How AI has changed my approach to writing
1. I am more likely to post "personal opinion"-style, or even emotional, content that's not factual / entirely subjective. Since AI has made it much easier to do research and compile factual summaries of any well-understood area of human knowledge, the value of pure-fact posts has decreased (though of course there's still value in knowing what to ask and curating / clarifying an LLM's findings). However, AIs cannot know or convey your unique perspective on subjective matters or internal experience.
2. I am less likely to edit or polish my writing. I used to spend time ensuring my writing was free of grammatical errors. Now I edit much less, only enough to ensure the thoughts flow coherently and it's easy enough for someone to read. Partly as a signal that the prose was human-written, partly because the effort put into editing is no longer a good signal of caring because editing is effectively free (you can get an LLM to do it).

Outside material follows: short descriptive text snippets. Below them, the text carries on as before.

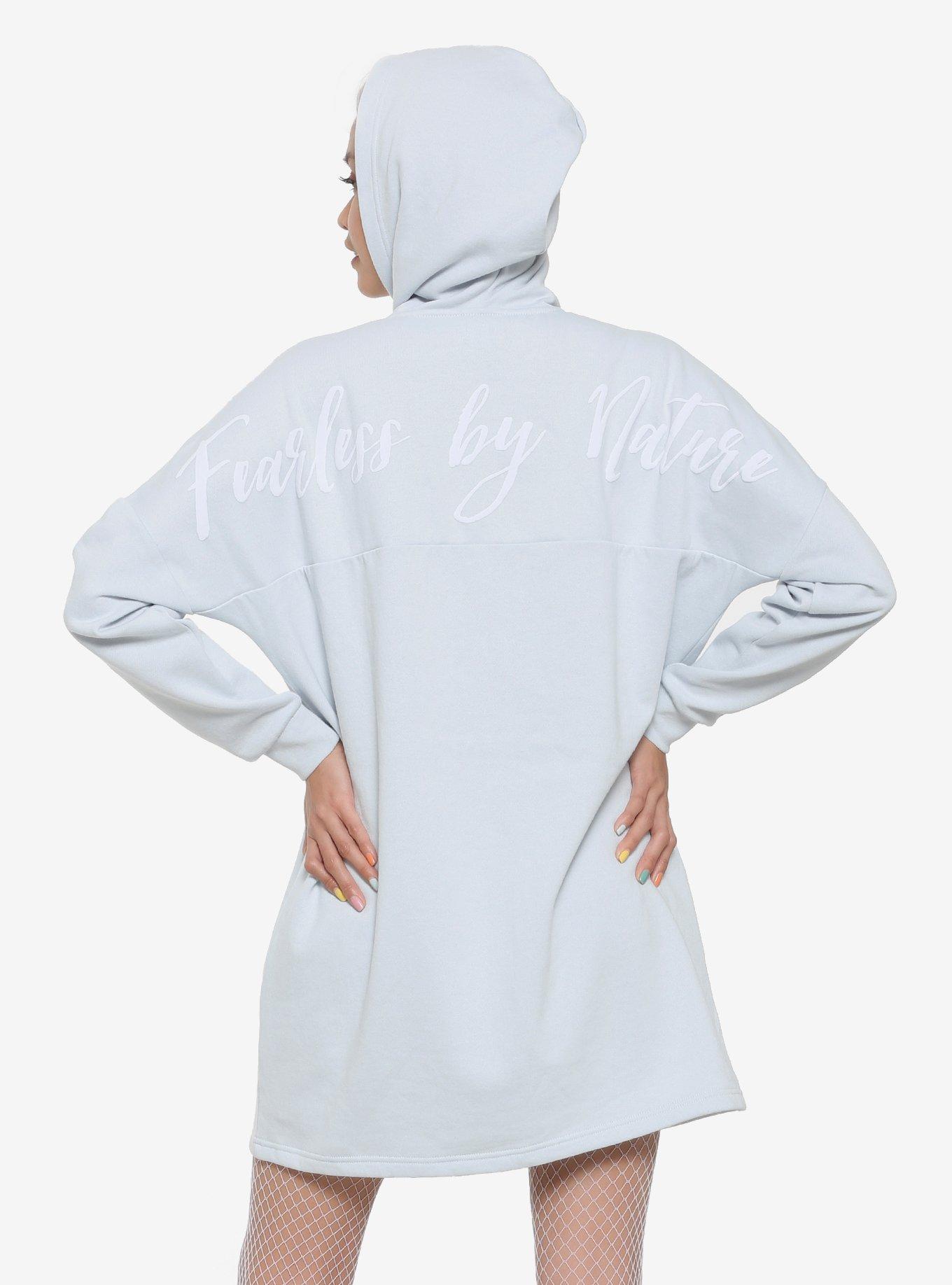 Her Universe Disney Frozen 2 Athletic Hoodie Dress, , alternate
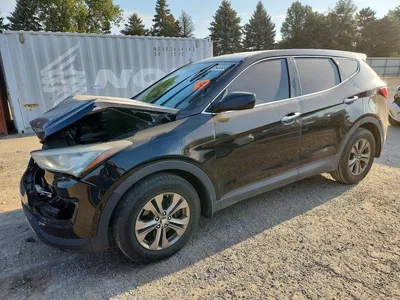 2013 HYUNDAI SANTA FE SPORT 2.4L, фото 1, лот 10895289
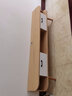 完美木匠实木环保落地电视柜现代简约北欧式小户型客厅家用地柜窄迷你简易 落地电视柜原木色白门1.7米 实拍图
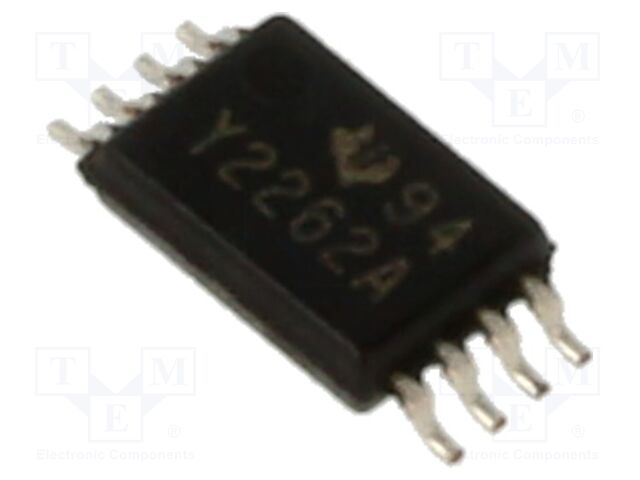 TLC2262AIPW TLC2262AIPW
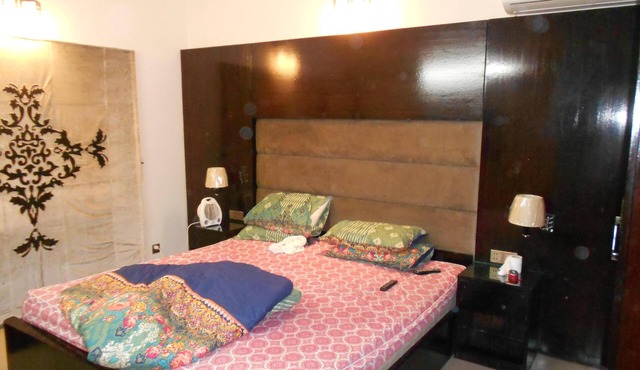 Ideal for short and long time stay, it can be used as a hub for a profetional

3. I am more likely to maintain a distinctive style. Another reason I edit less is that I want to maintain a distinctive, personal style. When the first good LLMs came out I'd often use them to rephrase content, asking them to make my prose flow better or be clearer. But these days I want some clumsy constructions or phrases in my writing that are distinctively mine, I want a personal writing "smell" just like AI writing has a smell. As more people use LLMs to write, their styles become more undifferentiated, and so having your own style lets you stand out. Also when it comes to personal, non-factual content, writing in your own distinctive voice helps convey internal thoughts more precisely; some of the meaning is in the precise choice of phrasing.